→ What you will do
Repeat, word for word, each of the records shown below, without their pictures.

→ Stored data

━━━━━━━━━━━━━━━━━━━━

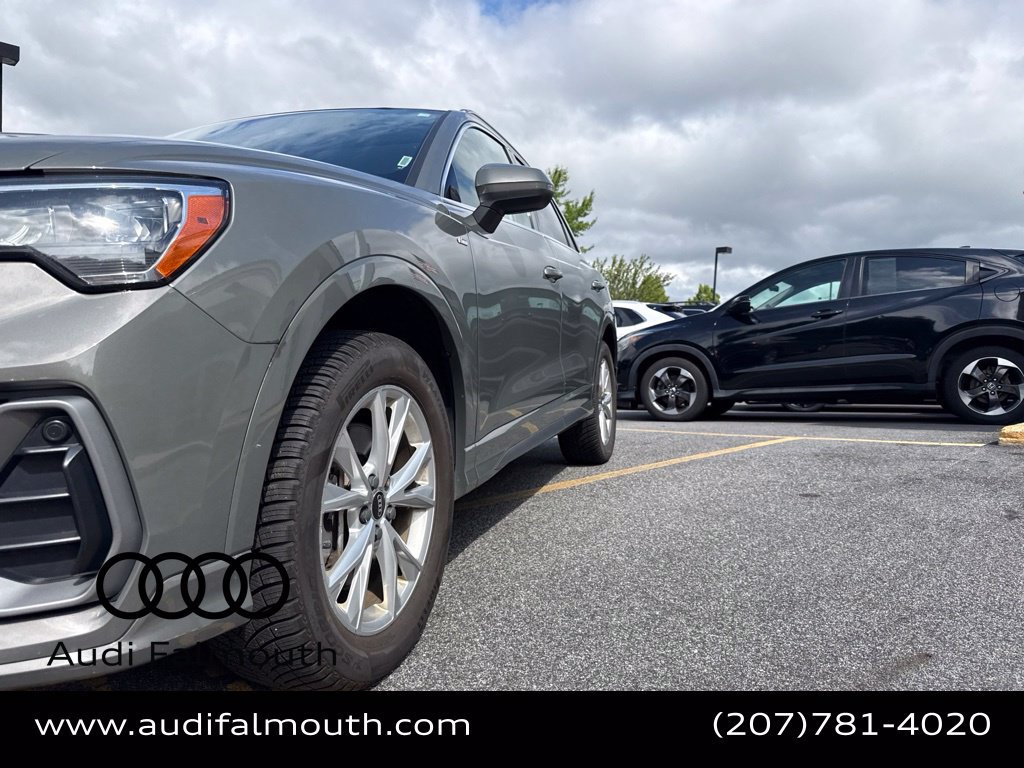 Used 2021 Audi Q3 2.0T Premium w/ Convenience Package AWD/4WD image 17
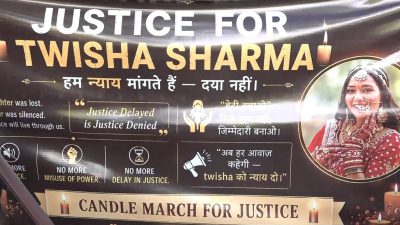 Twisha Sharma death: Second post-mortem report confirms skin tissue on gymnastics belt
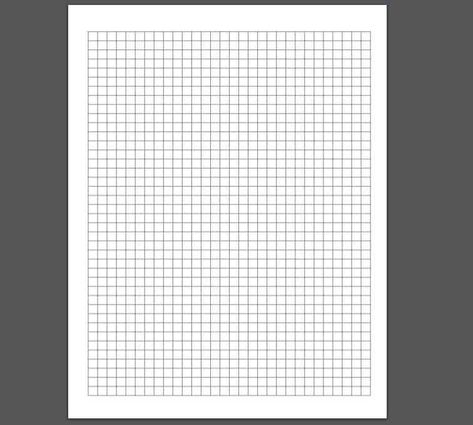 Free Printable Graph Paper, Math Graph, Owl Invitations, Printable Graph Paper, Graph Paper Notebook, Loose Leaf Paper, Word Document, Ruled Paper, Paper Notebook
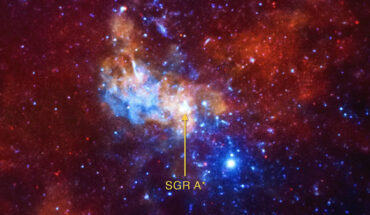 Daly et al. found Sagittarius A* is spinning with 60% of the maximum possible rate of spin, a limit set by material not being able to travel faster than the speed of light. This image shows Sagittarius A* in X-ray light from NASA’s Chandra X-ray Observatory. Image credit: NASA / CXC / University of Wisconsin / Bai et al.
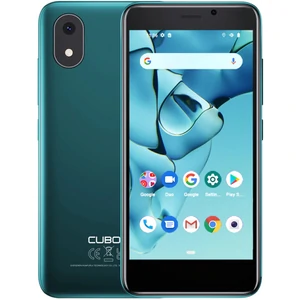 Цвет: Зеленый - Смартфон Cubot J10 1/32GB Green
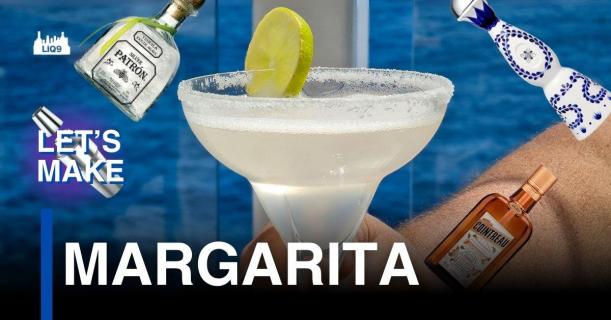 Margarita – ค็อกเทลแห่งความสนุก และประวัติที่ยังเป็นปริศนา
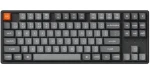 Keychron K10 Max šedo-čierna / Klávesnica / Mechanická / Super Banana switch / Bezdrôtová (K8M-J4)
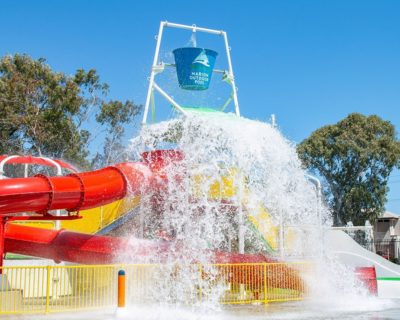 Marion outdoor pool 108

━━━━━━━━━━━━━━━━━━━━

→ Written answer
 Used 2021 Audi Q3 2.0T Premium w/ Convenience Package AWD/4WD image 17
 Twisha Sharma death: Second post-mortem report confirms skin tissue on gymnastics belt
 Free Printable Graph Paper, Math Graph, Owl Invitations, Printable Graph Paper, Graph Paper Notebook, Loose Leaf Paper, Word Document, Ruled Paper, Paper Notebook
 Daly et al. found Sagittarius A* is spinning with 60% of the maximum possible rate of spin, a limit set by material not being able to travel faster than the speed of light. This image shows Sagittarius A* in X-ray light from NASA’s Chandra X-ray Observatory. Image credit: NASA / CXC / University of Wisconsin / Bai et al.
 Цвет: Зеленый - Смартфон Cubot J10 1/32GB Green
 Margarita – ค็อกเทลแห่งความสนุก และประวัติที่ยังเป็นปริศนา
 Keychron K10 Max šedo-čierna / Klávesnica / Mechanická / Super Banana switch / Bezdrôtová (K8M-J4)
 Marion outdoor pool 108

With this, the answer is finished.